11 Feb 2025 04:11 PM
Hi!
I have a values-type metric. I'd like to display a timeseries that only counts datapoints whose value is greater than (or less than) an arbitrary value. I don't want to filter an aggregation, but analyze each value and remove the ones I don't want.
How can I achieve this?
Thanks for your help!
13 Feb 2025 07:53 AM
I am not sure if I got the requirement correctly.
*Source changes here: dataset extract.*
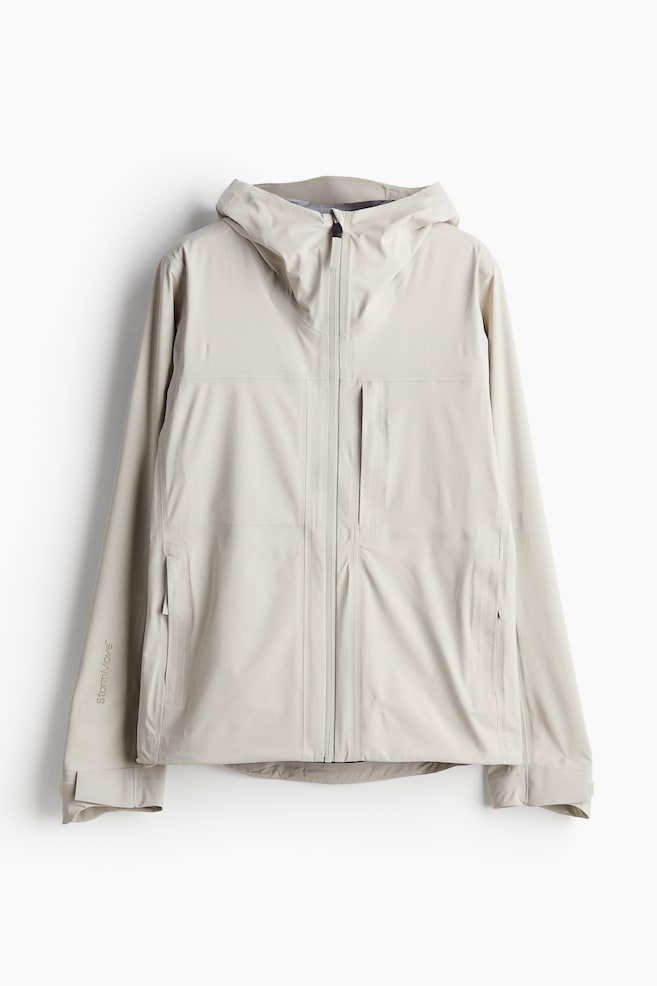 Lightweight 3-layer shell jacket with StormMove™ - Beige - 1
Here are my thought:
To get timeseries (cpu usage in my example) where at least one value is greater the predefined threshold iAny function can help
timeseries cpu=avg(dt.host.cpu.usage), by: {dt.entity.host}
| filter iAny(cpu[]>80)
and to see in the final result only datapoint matching this conditions "iterative expression" is useful:
timeseries cpu=avg(dt.host.cpu.usage), by: {dt.entity.host}
| filter iAny(cpu[]>80)
| fieldsAdd cpu = if(cpu[]>80, cpu[])
17 Feb 2025 04:09 PM
Hi @krzysztof_hoja !
Thanks for your help. But you are filtering the result of avg(dt.host.cpu.usage). I would like to filter each data point independently before any aggregation. I would like to build response time SLO for example 🙂 I can do it easily with fetch logs but I can't find a solution with the timeseries command ...
18 Feb 2025 08:43 PM
You cannot find it, because it does not exists in generic case for timeseries 🙂
I used dt.host.cpu.usage with breakdown by host sort of on purpose. Let's consider this query:
timeseries { cpu=avg(dt.host.cpu.usage), cpu_t=sum(dt.host.cpu.usage, rollup:total) } , by: {dt.entity.ec2_instance, dt.entity.host}
| filter dt.entity.host == "HOST-937E3C790B64E8B5"
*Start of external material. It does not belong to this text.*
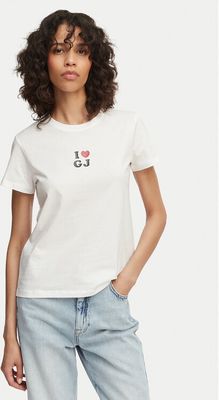 Bluzka damska młodzieżowa Guess Jeans ze sklepu: MODIVO w kategorii: Bluzki damskie - zdjęcie WP-EBWP-BKLVO-LN0_0000305898593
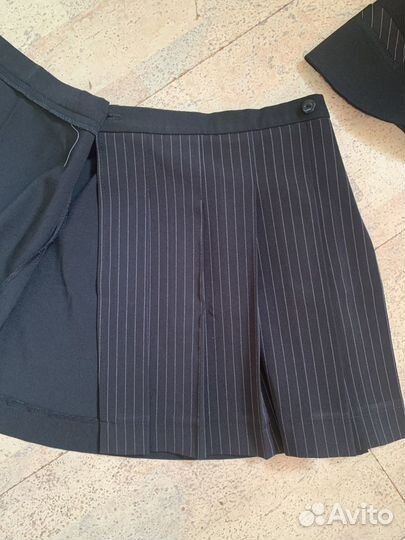 Школьная форма черная 134рост размер 36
Besides plain average I added second timeseries: sum with rollup:total. This additional metric will tell us how many contributions aka raw measurement happened. Result looks like this:
The value of cpu_t is constantly 6 every minute because reading of cpu usage for host happens every 10 sec. But this individual measurement are not stored. What is stored and is in fact most granular "data point" is statistical description of what happened containing in basic case 4 values: min, max, sum and count (sum and count allows to calculate average). From this compounds bigger aggregates can be calculated like for host groups or for longer intervals.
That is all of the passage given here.